If you don't stick to attributes, it's not hard to represent that kind of relationship graph in XML:

 

<people>

    <person name="cindy">

        <knows>karen</knows>

    </person>

    <person name="karen">

        <knows>linda</knows>

    </person>

    <person name="linda">

        <knows>sarah</knows>

    </person>

    <person name="sarah">

        <knows>wendy</knows>

    </person>

    <person name="wendy">

        <knows>cindy</knows>

    </person>

</people>

 

This way you can have a lot of <knows> elements (edges in the relationship graph) for an individual.  The XML graph and the represented graph don't match structurally and you'd have to go through and build maps or something in XQuery to manipulate the represented graph, but writing a function to get everybody who knows Cindy within a certain number of edges wouldn't be difficult.  (Taking off the "certain number of edges" obliges you to write some sort of cycle detection mechanism, which is harder and presumably the people behind SPARQL have already done so.)

 

So not quite as syntactically compact but I don't think XML is obviously unsuitable for "represent an arbitrary graph".  You have to pick your XML vocabulary carefully but "arbitrary graph" and "carefully" go naturally together.

 

-- Graydon

 

On Sat, Feb 25, 2017 at 7:42 PM, Kendall Shaw <kendall.shaw@workday.com> wrote:

On 2/25/17, 12:55 PM, "Liam R. E. Quin" <liam@w3.org> wrote:

    On Sat, 2017-02-25 at 10:02 +0000, Kendall Shaw wrote:
    > It’s interesting to me to know what sorts of applications seem like
    > they would be a good match for XQuery’s data model but turned out not
    > to be in some case.

    I agree that's interesting - I'm afraid I have more experience with
    what didn't work in SQL and did work with a forest store, probably
    because I don't often encounter people whose projects didn't fit with
    XML-related technologies. How do we find them?
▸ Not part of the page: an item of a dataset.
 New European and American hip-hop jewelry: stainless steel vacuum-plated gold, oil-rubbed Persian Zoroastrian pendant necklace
 Aside from things like the 100,000 sensors scenario that you described, the friends example might be a case that is in the same area that XML makes sense.

With XPath having special support for hierarchical data, matching XML’s notion of element hierarchy, it’s perfect for data like:

<totem-pole>
<person name=”cindy”>
  <person name=”karen”>
    <person name=”linda”>
      <person name=”sarah”>
        <person name=”wendy”/>
      </person>
    </person>
  </person>
</person>
</totem-pole>

So you can us $person//*/@name to get cindy’s sub-friends. Also, the document is constrained to be well-formed by the rules of XML document types, based on elements having only 1 parent. But, friends aren’t constrained to have only have 1 super-friend. And poor Wendy gets no sub-friends.
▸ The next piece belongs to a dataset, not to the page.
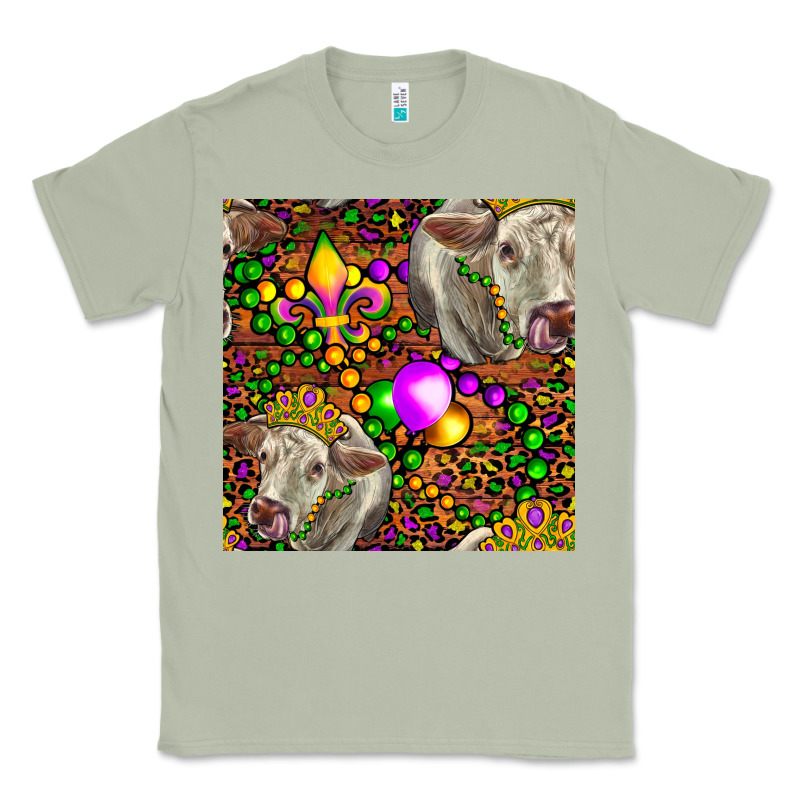 Mardi Gras Cow Leopard Seamless Pattern Classic Tee by FaDigitalArtStudio | Teevron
A less restricted graph representation can represent that where hierarchy doesn’t have special status:

@prefix : <people#> .
:cindy :name “cindy” ; :knows :karen .
:karen :name “karen” ; :knows :linda .
:linda :name “linda” ; :knows :sarah .
:sarah :name “sarah” ; :knows :wendy .
:wendy :name “wendy” :knows :cindy .

And with SPARQL, having special support for graph traversal, matching RDF’s notion of connected edges, it’s perfect for data like above.

So, you can use ?p :knows/:name ?name to get cindy’s friend’s friend’s friend’s friend’s etc. Also, Wendy gets to have a friend too.

Representing something similar in XML, ignoring RDF XML which makes it even more complicated:

<friends>
  <person name=”cindy” knows=”karen”/>
  <person name=”karen” knows=”linda”/>
  <person name=”linda” knows=”sarah”/>
  <person name=”sarah” knows=”wendy”/>
  <person name=”wendy”/>
</friends>

The rules of XML document types don’t include special support for arbitrary attribute relationships, in the way that element hierarchy does have special status. You can write XQuery to navigate that data, but it’s not a simple expression and doesn’t use ancestor/descendant axes so maybe it’s not the best choice for the data.

The other way around, when most of the data is hierarchical it’s harder to use something like SPARQL with RDF than XPath with XML. And RDF is not necessarily the best representation for graphs where nodes and edges both have attributes.